▶ _TASK GOAL_:
Could you return, exactly as written, every line from the one containing "Hello everybody and" through the last line of the entries below, leaving out the pictures?

▶ _DATA FOR ANALYSIS_:
/---
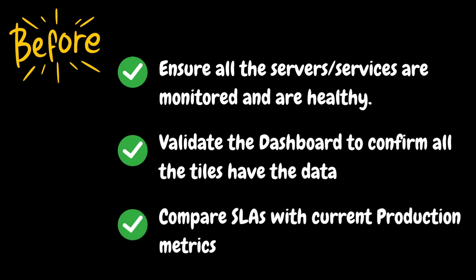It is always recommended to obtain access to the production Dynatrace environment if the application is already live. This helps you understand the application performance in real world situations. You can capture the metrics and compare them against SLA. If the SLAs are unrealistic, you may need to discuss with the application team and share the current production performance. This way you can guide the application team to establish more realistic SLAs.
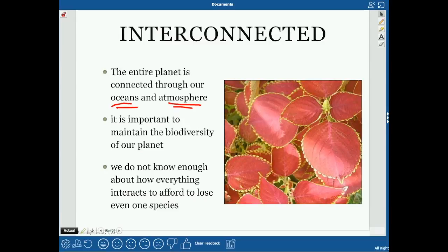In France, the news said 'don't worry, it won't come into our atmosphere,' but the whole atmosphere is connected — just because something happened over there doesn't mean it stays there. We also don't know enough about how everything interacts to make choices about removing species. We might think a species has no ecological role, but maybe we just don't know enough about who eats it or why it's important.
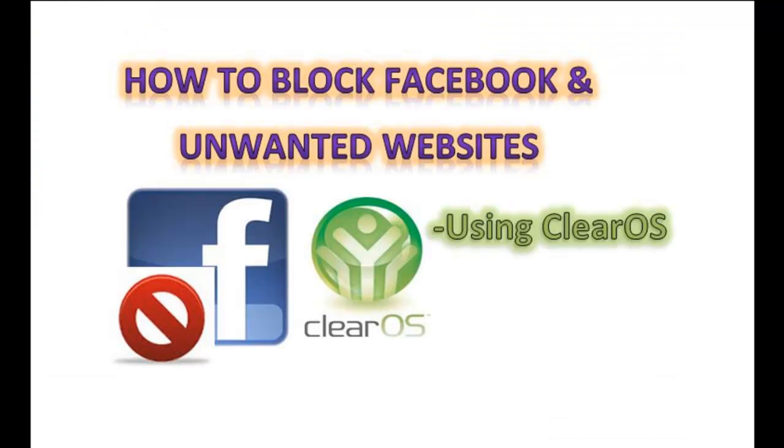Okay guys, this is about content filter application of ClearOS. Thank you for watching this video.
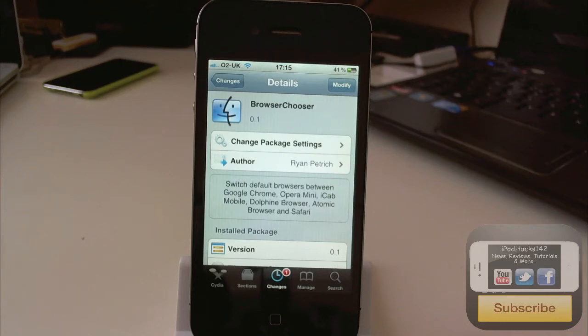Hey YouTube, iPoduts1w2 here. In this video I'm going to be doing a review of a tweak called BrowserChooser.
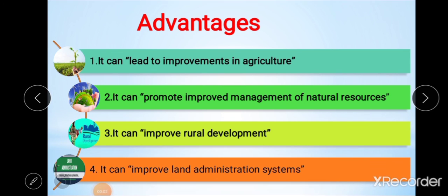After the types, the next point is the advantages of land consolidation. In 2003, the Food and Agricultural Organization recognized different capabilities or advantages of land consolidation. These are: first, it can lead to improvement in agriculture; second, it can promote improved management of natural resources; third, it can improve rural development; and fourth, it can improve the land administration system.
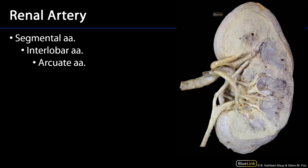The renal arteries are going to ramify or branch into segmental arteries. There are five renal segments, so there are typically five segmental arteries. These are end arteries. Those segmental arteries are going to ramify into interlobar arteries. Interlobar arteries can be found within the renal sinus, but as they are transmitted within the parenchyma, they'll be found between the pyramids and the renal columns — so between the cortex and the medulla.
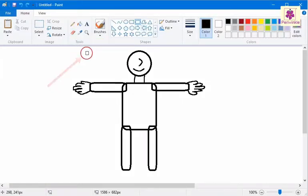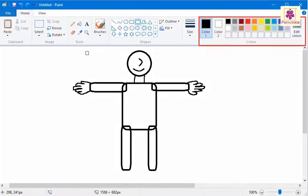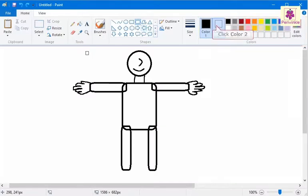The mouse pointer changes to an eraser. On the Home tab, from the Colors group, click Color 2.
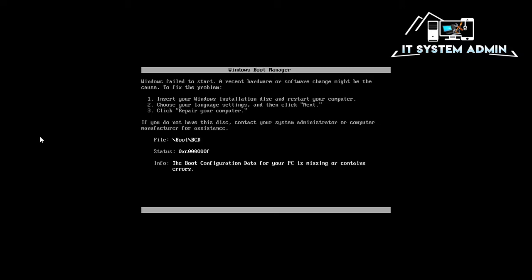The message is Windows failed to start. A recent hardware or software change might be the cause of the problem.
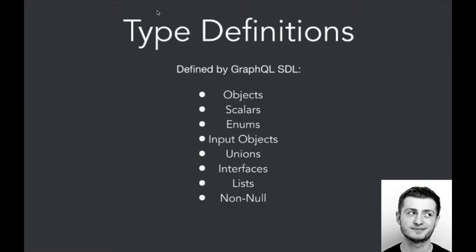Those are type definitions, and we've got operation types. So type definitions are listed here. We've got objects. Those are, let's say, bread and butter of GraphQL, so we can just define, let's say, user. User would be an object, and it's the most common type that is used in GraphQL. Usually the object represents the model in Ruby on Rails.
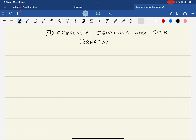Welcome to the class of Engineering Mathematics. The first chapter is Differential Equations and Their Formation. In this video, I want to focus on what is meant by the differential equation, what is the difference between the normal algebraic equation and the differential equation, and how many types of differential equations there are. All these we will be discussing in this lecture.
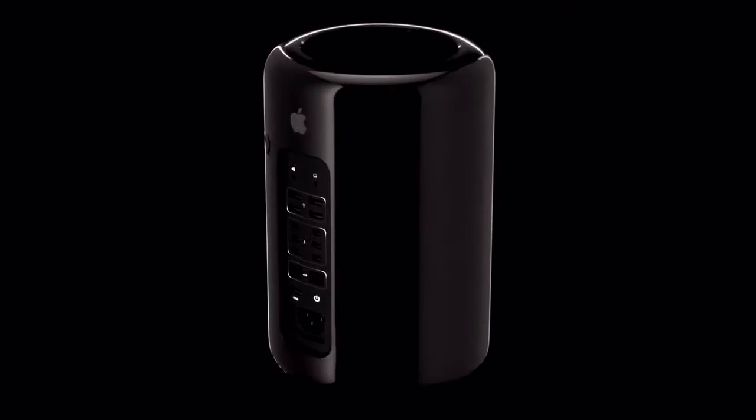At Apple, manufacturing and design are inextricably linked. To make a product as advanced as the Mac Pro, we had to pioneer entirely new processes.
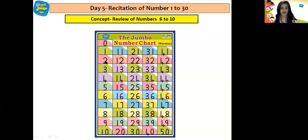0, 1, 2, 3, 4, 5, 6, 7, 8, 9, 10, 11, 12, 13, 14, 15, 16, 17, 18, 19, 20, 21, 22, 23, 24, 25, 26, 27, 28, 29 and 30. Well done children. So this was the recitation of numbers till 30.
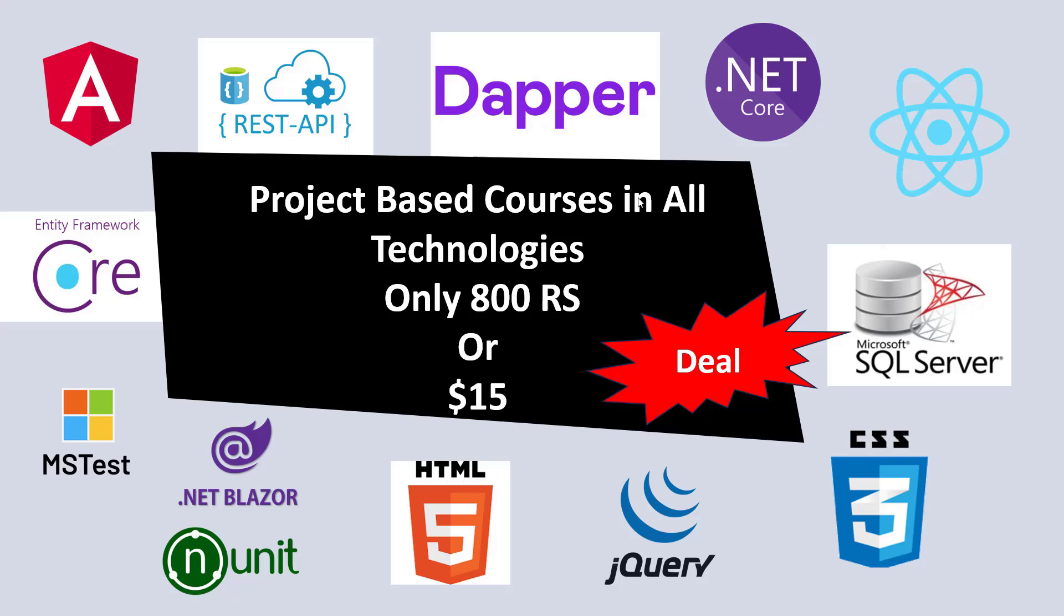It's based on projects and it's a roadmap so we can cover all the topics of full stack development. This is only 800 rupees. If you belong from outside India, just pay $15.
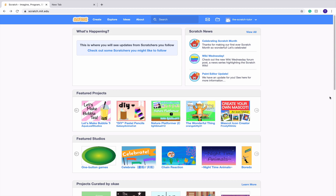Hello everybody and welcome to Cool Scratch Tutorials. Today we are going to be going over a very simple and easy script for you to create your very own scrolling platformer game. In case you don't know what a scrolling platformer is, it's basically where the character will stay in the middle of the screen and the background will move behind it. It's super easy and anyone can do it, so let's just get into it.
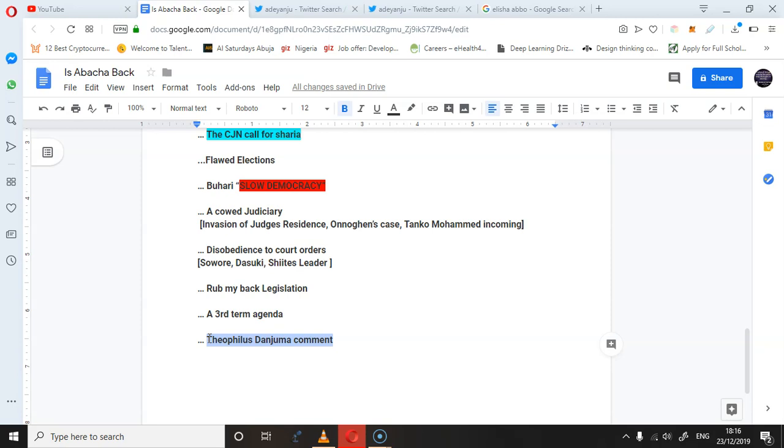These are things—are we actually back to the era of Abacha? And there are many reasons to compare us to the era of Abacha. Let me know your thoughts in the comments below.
\---
▶ _EXERCISE OUTPUT_:
Hello everybody and welcome to Cool Scratch Tutorials. Today we are going to be going over a very simple and easy script for you to create your very own scrolling platformer game. In case you don't know what a scrolling platformer is, it's basically where the character will stay in the middle of the screen and the background will move behind it. It's super easy and anyone can do it, so let's just get into it.
These are things—are we actually back to the era of Abacha? And there are many reasons to compare us to the era of Abacha. Let me know your thoughts in the comments below.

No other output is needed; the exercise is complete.